A cluster named Krstić H., Marenjak S. includes an article also closely connected with the researchers’ interests. The article, entitled “Maintenance and operation costs model for university buildings”, was published in 2017 and deals with the problem of the prediction of the maintenance costs of university buildings [34]. This paper presents a model designed to predict the average annual costs of maintenance and operations for university buildings in Osijek, Croatia, with similar characteristics. The model’s development and validation process utilized historical cost data spanning 12 years (1998–2010) from 13 university buildings in Osijek. Subsequently, the model underwent testing using data from two additional sets of buildings located outside of Osijek. By encapsulating key elements, the model provides a robust framework for estimating maintenance and operations costs, facilitating early-stage cost estimates during the design phase of university buildings. In this case, the regression model was used again, similar to previously mentioned scientific papers. The model predicts maintenance costs by identifying statistically significant variables such as the hallway area, office area, and overall surface area of each building.
“Set 2” consists of other scientific papers connected with the examined topic by keywords notwithstanding the specific search topic of the cost prediction of buildings using some mathematical models. However, a significant quantity of articles found in “Set 2” were connected with BIM use in university building maintenance from both the civil engineering point of view and that of the use of new technologies. Interesting was [35], where BIM 7D development framework was recommended in a case study. The use of the model can level up maintenance as well as sustainability and can fast-track the ability to use BIM models in a sustainable manner.
Another group of topics was a group connected largely with perceived sustainability and low emission. For instance, in the article [36], through BIM as well as Computational Fluid Dynamics software (https://openfoam.org/), research was carried out on the contribution of passive heating and cooling techniques to minimizing energy consumption in achieving the desired conditions of the interior’s thermal comfort.
All the publications were published in the years 1987–2023. The first one was titled “Life cycle cost of university buildings” [37], and the last one “A longitudinal controlled signage intervention to increase stair use at university buildings: Process and impact evaluation using RE-AIM framework” and was not connected with the searched topic branch.
Following this, an examination of the keywords presented in “Set 2” publications was conducted.
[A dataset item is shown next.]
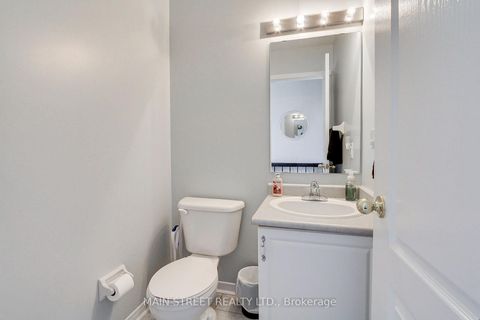 Photo 18 at 17 Hirst Avenue, Keswick South, Georgina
Despite the bigger size of “Set 2” in comparison to “Set 1”, a minimum occurrence threshold remained unchanged—each keyword was required to appear at least twice. Out of the keywords found, associations with the term “maintenance” were identified (keywords such as, among others, “maintenance cost and budget”, “maintenance”, “maintenance cost”, “budget control”, or “life cycle”). The visual representation of these associations is depicted in Figure 5.

3.3. Analysis of “Set 3”: “Maintenance”, “Strategy”, “Educational Building”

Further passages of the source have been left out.